Qu Yidan, Liu Hao
Department of Clinical Medicine, Qingdao University, 266000, Shandong, China.
Department of Clinical Medicine, Fudan University, 200032, Shanghai, China.
Asian J Surg. 2023 Jan;46(1):132-142. doi: 10.1016/j.asjsur.2022.02.004. Epub 2022 Feb 26.
No clinical prediction model is available for non-metastatic rectal adenocarcinoma in males. Based on demographic and clinicopathological characteristics, we constructed a survival prediction model for the study population.
At a ratio of 7:3, 3450 eligible patients were divided into training and validation sets. Optimal cutoff values were calculated using X-tile software. Cox proportional hazards regression was used to find prognostic factors for cancer-specific survival (CSS) and overall survival (OS). Corresponding nomogram prognostic models were also constructed based on predictors.The validity, discriminative ability, predictability, and clinical usefulness of the model were analyzed and assessed.
We identified predictors of survival in the target population and successfully constructed nomograms. In the nomogram prediction model for OS and CSS, the C-index was 0.724 and 0.735, respectively, for the training group and 0.754 and 0.760, respectively, for the validation group. In the validation group, the area under the curve (AUC) of the receiver operating characteristic curve for OS and CSS nomograms was 0.768 and 0.769, respectively, for the 3-year survival rate and 0.755 and 0.747, respectively, for the 5-year survival rate. Kaplan-Meier Survival Curves showed excellent risk discrimination performance of the nomogram (P < 0.05) Calibration curves, time-dependent AUC and decision curve analysis showed that the prediction model constructed in this study had excellent clinical prediction and decision ability and performed better than the TNM staging system.
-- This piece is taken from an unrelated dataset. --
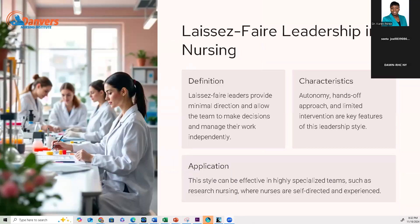Laissez-faire leadership provides minimal direction and allows the team to make decisions and manage their work. This style gives nurses more autonomy with a hands-off approach and limited interventions. As a nurse, you are also a leader of patient care. A laissez-faire approach cannot be used all the time, because then everyone does what they want. If you're facing a problem — for example, a nurse suspected of taking drugs — you need to report to the nurse manager, but a predominantly laissez-faire manager may not handle that well.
Our nomogram is helpful to evaluate the prognosis of non-metastatic male patients with rectal adenocarcinoma and has guiding significance for clinical treatment.
目前尚无针对男性非转移性直肠腺癌的临床预测模型。基于人口统计学和临床病理特征,我们为研究人群构建了一个生存预测模型。
按照7:3的比例,将3450例符合条件的患者分为训练集和验证集。使用X-tile软件计算最佳截断值。采用Cox比例风险回归分析来寻找癌症特异性生存(CSS)和总生存(OS)的预后因素。并基于预测因素构建了相应的列线图预后模型。对该模型的有效性、判别能力、预测性和临床实用性进行了分析和评估。
我们确定了目标人群的生存预测因素,并成功构建了列线图。在OS和CSS的列线图预测模型中,训练组的C指数分别为0.724和0.735,验证组分别为0.754和0.760。在验证组中,OS和CSS列线图的受试者操作特征曲线3年生存率的曲线下面积(AUC)分别为0.768和0.769,5年生存率分别为0.755和0.747。Kaplan-Meier生存曲线显示列线图具有出色的风险判别性能(P<0.05)。校准曲线、时间依赖性AUC和决策曲线分析表明,本研究构建的预测模型具有出色的临床预测和决策能力,且表现优于TNM分期系统。
我们的列线图有助于评估男性非转移性直肠腺癌患者的预后,对临床治疗具有指导意义。